The quantum cat thought experiment, proposed by physicist Erwin Schrödinger in 1929, is a paradox designed to illustrate the bizarre concept of superposition, where a particle or object can exist in multiple states simultaneously.
In the thought experiment, a cat in a sealed box is simultaneously dead and alive until the box is opened and its state is observed.
The new video brings this abstract idea to life, with atoms shifting to form images corresponding to the key moments of the experiment.
The researchers, from the University of Science and Technology of China, Shanghai, detailed this in a recent study.
Use of machine learning
In the video, each yellow dot represents a single rubidium atom moved within a 230-micron-wide array.
The atoms’ positions are tracked by detecting the light they give off, or fluoresce, when a laser moves them.
The video development depended on machine learning algorithms and optical tweezers.
Focused laser beams, or optical tweezers, work like “mini-tractor beams” to precisely move and arrange 2,024 rubidium atoms. The AI model performs real-time calculations to determine the best laser positions for moving all the atoms to their correct spots.

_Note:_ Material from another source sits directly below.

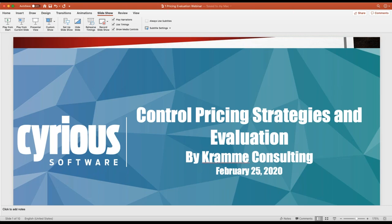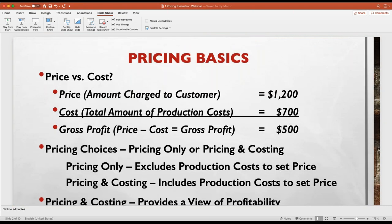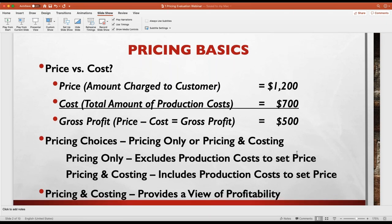Now we're going to switch over to a short PowerPoint. Pricing basics in very simple terms: you have your price — that's what you charge the customer — and you have some costs related to production, say $700. Gross profit is the difference between the two: price minus cost equals gross profit. In this simple illustration, gross profit is $500. Control supports multiple different pricing scenarios. Your pricing choices within Control include pricing only — which excludes any context for capturing and calculating the cost of producing whatever item you're going to sell.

“We propose an AI-enabled, rapid, constant-time-overhead rearrangement protocol, and we experimentally assemble defect-free 2D and 3D atom arrays with up to 2024 atoms with a constant-time cost of 60 ms,” the researchers noted in the study paper.

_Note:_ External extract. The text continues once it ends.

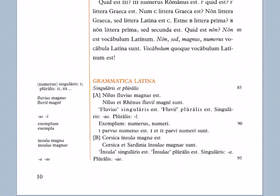Fluvius singulares est. Fluvii pluralis est. Singulares us, pluralis i. Exemplum, an example: Numerus, singular. Numeri, plural. Numerus meaning number, numeri meaning numbers.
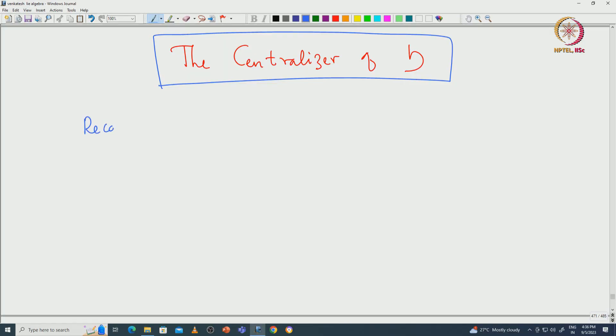Welcome back everyone. In this lecture we will continue with the structure theory of semisimple algebras. I will first recap what we have done so far. We proved that there are toral subalgebras of a given semisimple algebra, and then we fixed one maximal toral subalgebra which we denoted by H.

Using real-time calculations, the AI model creates holograms that direct a high-speed modulator to move all the atoms simultaneously.
Reportedly, this development overcomes a major bottleneck in neutral-atom quantum computing, where individual atoms were traditionally moved one by one, a time-consuming process that hindered scaling.
The new method is incredibly fast, with the entire rearrangement taking a fraction of a second—just 60 milliseconds.
To make the video viewable, the glowing atoms’ movement is slowed by a factor of 33.
Advancing quantum computers
The South China Morning Post reported that the system demonstrated impressive accuracy, achieving 99.97% for single-qubit operations, 99.5% for two-qubit operations, and 99.92% for detecting the state of qubits.
The method is highly scalable because the time it takes to rearrange the atoms remains constant, even as the size of the array increases.
This technique goes beyond being a simple demonstration. Building the next generation of quantum computers depends on the ability to quickly and reliably assemble these arrays of atoms.
Compared to classical computers that use bits (0s and 1s), quantum computers use qubits, which can simultaneously be 0, 1, or both. These qubits, however, are extremely “fragile.”
“This protocol can be readily used to generate defect-free arrays of tens of thousands of atoms with current technologies and become a useful toolbox for quantum error correction,” the team wrote in the paper.
Quantum error correction is a key tool in quantum computing. and quantum computers can solve certain problems much more efficiently than classical computers.